- _Exercise description_
Nothing but the lines from the start of the records through the line that contains "2024年3月大众ID.6 CROZZ销量数据发布 共卖了264台" is to be copied, and each is to be copied exactly.

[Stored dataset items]
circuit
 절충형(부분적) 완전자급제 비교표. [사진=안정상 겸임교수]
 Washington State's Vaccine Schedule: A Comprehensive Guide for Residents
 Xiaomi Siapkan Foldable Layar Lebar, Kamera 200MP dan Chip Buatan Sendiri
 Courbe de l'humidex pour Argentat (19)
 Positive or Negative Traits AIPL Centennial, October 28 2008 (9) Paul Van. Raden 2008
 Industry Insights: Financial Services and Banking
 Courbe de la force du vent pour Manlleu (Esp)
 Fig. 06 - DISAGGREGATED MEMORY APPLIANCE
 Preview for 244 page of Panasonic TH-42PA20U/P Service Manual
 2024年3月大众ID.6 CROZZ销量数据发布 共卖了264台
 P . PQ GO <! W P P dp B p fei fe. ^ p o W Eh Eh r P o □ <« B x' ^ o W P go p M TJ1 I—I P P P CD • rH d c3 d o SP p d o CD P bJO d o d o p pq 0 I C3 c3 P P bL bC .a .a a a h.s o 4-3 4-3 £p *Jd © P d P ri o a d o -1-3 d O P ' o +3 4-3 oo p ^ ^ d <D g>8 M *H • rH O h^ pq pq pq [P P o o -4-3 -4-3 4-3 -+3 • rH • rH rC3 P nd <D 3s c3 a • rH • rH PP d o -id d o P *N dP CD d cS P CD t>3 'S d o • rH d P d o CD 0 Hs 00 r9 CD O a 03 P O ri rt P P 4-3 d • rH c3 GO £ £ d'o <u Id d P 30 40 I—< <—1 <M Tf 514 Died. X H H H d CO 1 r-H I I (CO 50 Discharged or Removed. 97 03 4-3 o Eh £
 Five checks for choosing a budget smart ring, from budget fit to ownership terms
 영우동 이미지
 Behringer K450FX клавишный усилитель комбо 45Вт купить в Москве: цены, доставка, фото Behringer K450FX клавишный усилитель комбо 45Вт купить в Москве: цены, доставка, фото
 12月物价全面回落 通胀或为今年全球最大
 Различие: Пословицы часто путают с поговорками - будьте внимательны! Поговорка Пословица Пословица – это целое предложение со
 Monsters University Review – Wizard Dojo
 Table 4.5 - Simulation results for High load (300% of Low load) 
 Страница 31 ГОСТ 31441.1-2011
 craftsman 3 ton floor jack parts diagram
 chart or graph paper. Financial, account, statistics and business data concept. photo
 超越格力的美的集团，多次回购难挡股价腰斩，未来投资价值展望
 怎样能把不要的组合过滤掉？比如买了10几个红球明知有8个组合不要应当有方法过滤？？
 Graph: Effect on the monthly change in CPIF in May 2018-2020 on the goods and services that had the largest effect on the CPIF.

- _Solution to the problem_
circuit
 절충형(부분적) 완전자급제 비교표. [사진=안정상 겸임교수]
 Washington State's Vaccine Schedule: A Comprehensive Guide for Residents
 Xiaomi Siapkan Foldable Layar Lebar, Kamera 200MP dan Chip Buatan Sendiri
 Courbe de l'humidex pour Argentat (19)
 Positive or Negative Traits AIPL Centennial, October 28 2008 (9) Paul Van. Raden 2008
 Industry Insights: Financial Services and Banking
 Courbe de la force du vent pour Manlleu (Esp)
 Fig. 06 - DISAGGREGATED MEMORY APPLIANCE
 Preview for 244 page of Panasonic TH-42PA20U/P Service Manual
 2024年3月大众ID.6 CROZZ销量数据发布 共卖了264台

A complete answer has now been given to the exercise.